Assassinato pelo TikTok. Por Luis Felipe Miguel

Quem vai cobrar da plataforma a responsabilidade pela morte da menina no Distrito Federal, causada por uma de suas “brincadeiras”?

em Amanhã não existe ainda

Sarah tinha oito anos de idade. Morava na Ceilândia, cidade satélite de Brasília. Na quinta-feira da semana passada, seu avô a pegou na escola e a levou para casa. Horas depois, quando foi levar-lhe um lanche, encontrou-a desacordada. No hospital, a equipe médica tentou reanimá-la durante uma hora, mas a menina morreu.

Ela foi uma vítima do desafio do desodorante, dirigido a crianças e adolescentes e que viraliza no TikTok. O desafio é inalar aerossol pelo maior tempo possível. Uma das muitas “brincadeiras” estúpidas, potencialmente mortais, que circulam pelas redes sociais e são acessadas por um público vulnerável.

A tragédia da menina da Ceilândia é mais uma prova – como se ainda fossem necessárias novas provas – de que é urgente regular as mídias sociais. O TikTok lucra com seus joguinhos assassinos. O YouTube, com anúncios de sites ilegais de apostas, como voltou a ser denunciado recentemente. A Meta, isto é, Instagram e Facebook, veicula sem parar anúncios de golpes de diferentes tipos, de curas milagrosas a promoções de produtos que seriam incrivelmente vantajosas se não fosse pelo detalhe de que eles nunca são entregues.

Sim, há perpetradores específicos, que precisam ser punidos – no caso, quem inventou e divulgou o tal desafio. Mas as plataformas são cúmplices. Elas se omitem de forma deliberada e “impulsionam” estes conteúdos, porque ganham com isso.

É a mesma coisa com campanhas de desinformação, manipulação política, incentivo à violência, pedofilia. As plataformas estão se lixando para as consequências, desde que gere lucro.

Quando eclode um escândalo, o que fazem? Fingem que lançam medidas inócuas e dispararam campanhas hipócritas, como a da Meta, agora, mostrando suas “contas de adolescentes” no Instagram.

Num ambiente em que o usuário declara a própria idade sem qualquer controle e milhões de crianças com idade abaixo do mínimo oficial de 13 anos têm perfis, acredita na propaganda da Meta quem quiser.

Como é mesmo que dizia Goebbels? Uma mentira repetida mil vezes vira verdade. Zuckerberg deve ter uma foto do ministro nazista pendurada no seu escritório.

Todos sofrem com o império das plataformas sociodigitais. Elas são prejudiciais à qualidade do debate público, à democracia, à soberania nacional, à nossa autonomia individual, à privacidade, aos direitos trabalhistas, à educação, à cultura, à verdade.

Todos sofrem, mas as crianças são as primeiras vítimas. A pequena Sarah morreu. Outras morrem nas chacinas nas escolas, praticadas por incels gerados nos perfis e nos grupos de supremacismo masculino que pipocam no Discord, no TikTok, no Instagram. Outras colocam sua vida em risco, outras são alvo de pedófilos que arregimentam suas vítimas nas redes. Outras são levadas a sérios distúrbios de imagem e de autoestima, motivados pelos filtros do Instagram e pela cultura do like. E há também todas aquelas que se sentem desincentivadas ao estudo e a uma carreira profissional, porque julgam que a melhor perspectiva de futuro é virar influencer, seja no TikTok, no YouTube, no Instagram ou no OnlyFans.

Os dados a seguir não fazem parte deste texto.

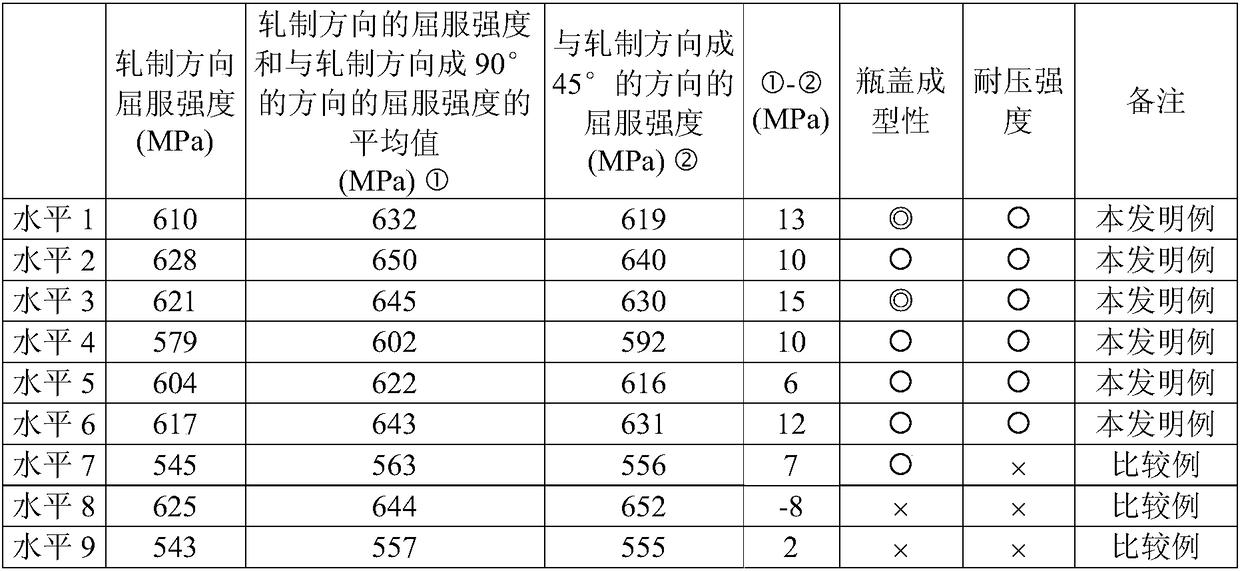 Steel plate for bottle cap, manufacturing method thereof, and bottle cap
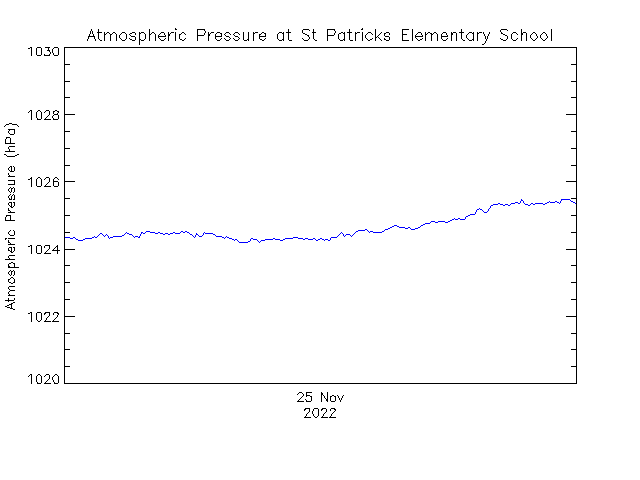 plot of weather data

Mais ninguém faz nada. A direita, como nós sabemos, só se preocupa com as crianças antes delas nascerem. E as big techs se tornaram suas grandes aliadas e parceiras, em especial, mas não só, no objetivo de garantir um espaço seguro para disseminação de todo tipo de mentira.

À esquerda, poucos são os que dão ao tema a prioridade que merece. As críticas às plataformas aparecem aqui e ali, mas no dia a dia quase todos se rendem gostosamente à sua lógica superficial e imbecilizante, pulando de trend em trend, sem parar para pensar no que significam.

Uma sociedade que não é capaz de proteger as suas crianças, pior, que nem sequer se preocupa em proteger suas crianças, é uma sociedade doente.